Marcos Ki Hyung Lee (Work Log)

From edegan.com
Revision as of 17:30, 22 June 2018 by Marcoslee (talk | contribs)
Jump to navigation Jump to search

Summer 2018

2018-06-22:

Plans for today: try to fix dataset.

Found more errors in matched dataset. Synthetic firms variables seem to be wrong, as there are negative numbers and lots of missings.

Also, variables form matched firms like number of people, doctors, etc, and city name, are missing seemingly at random.

Egan walked me through the SQL code that generates de matched dataset. We made a more precise count of coinvestors. Before, we were double counting funds. Now, if a PortCo had only one VC fund investment, numcoinvestor == 0.

Looking into the syntethic variables problem, the main problem is on the variables synsumprevsameindu100 synsumprevsameindu20 synsumprevsameindu synsumprevsamesector synnumprevportcos syntotsameindu100 syntotsameindu20 syntotsameindu syntotsamesector.
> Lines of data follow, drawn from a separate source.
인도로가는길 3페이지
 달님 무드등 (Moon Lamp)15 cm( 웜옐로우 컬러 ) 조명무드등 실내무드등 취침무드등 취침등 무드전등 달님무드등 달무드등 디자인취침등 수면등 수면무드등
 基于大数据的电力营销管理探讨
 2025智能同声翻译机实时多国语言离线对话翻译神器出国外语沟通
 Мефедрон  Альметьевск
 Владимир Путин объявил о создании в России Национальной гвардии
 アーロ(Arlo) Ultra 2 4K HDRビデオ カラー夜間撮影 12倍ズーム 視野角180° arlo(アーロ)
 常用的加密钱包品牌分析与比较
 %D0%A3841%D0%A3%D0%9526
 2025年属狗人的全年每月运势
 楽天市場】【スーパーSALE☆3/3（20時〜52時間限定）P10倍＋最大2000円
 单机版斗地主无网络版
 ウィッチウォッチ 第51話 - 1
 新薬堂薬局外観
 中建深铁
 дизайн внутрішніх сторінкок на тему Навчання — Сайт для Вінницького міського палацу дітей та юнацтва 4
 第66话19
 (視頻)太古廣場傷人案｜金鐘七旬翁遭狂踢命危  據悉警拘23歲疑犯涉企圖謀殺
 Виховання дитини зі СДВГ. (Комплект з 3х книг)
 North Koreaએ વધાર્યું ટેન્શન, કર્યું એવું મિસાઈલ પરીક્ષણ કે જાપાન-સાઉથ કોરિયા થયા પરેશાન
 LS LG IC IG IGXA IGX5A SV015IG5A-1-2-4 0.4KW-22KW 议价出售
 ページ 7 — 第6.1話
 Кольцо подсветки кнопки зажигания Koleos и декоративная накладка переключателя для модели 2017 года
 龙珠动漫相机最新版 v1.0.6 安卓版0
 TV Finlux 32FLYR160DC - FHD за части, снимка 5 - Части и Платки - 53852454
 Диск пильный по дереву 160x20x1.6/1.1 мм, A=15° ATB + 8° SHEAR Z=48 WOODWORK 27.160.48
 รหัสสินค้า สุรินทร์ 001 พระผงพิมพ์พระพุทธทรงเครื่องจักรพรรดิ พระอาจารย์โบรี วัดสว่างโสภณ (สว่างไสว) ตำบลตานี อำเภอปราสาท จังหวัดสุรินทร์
They basically count the number of PortCos VCs invested that were in the same industry code as them, before meeting the current matched POrtCo (synsum*) and over all time (syntot*). So they are integers and tot >= sum. However, for the synthetic firm ones, they are mostly -1 on the sum ones, and missing on tot ones.

Looking at the code that generates these synthetic, there seems to be a problem when joining and subtracting one to the sum of dummies where A.code100 = B.code100 for example. Can't figure out how to correct it yet.

2018-06-21:

Plans for today: get a full understanding of dataset and variables, start making some summary statistics.

Inspected matched dataset and found inconsistencies on invesmentment amounts of VCs in PortCos. Talked to Egan about this, we will check it out carefully on the source SQL code tomorrow.

Made summary statistics of firm variables. There does not seem to be inconsistencies on that.

2018-06-20: Created folder at "E:\McNair\Projects\MatchingEntrepsToVC\Stata\", imported files into Stata, and made master dofile.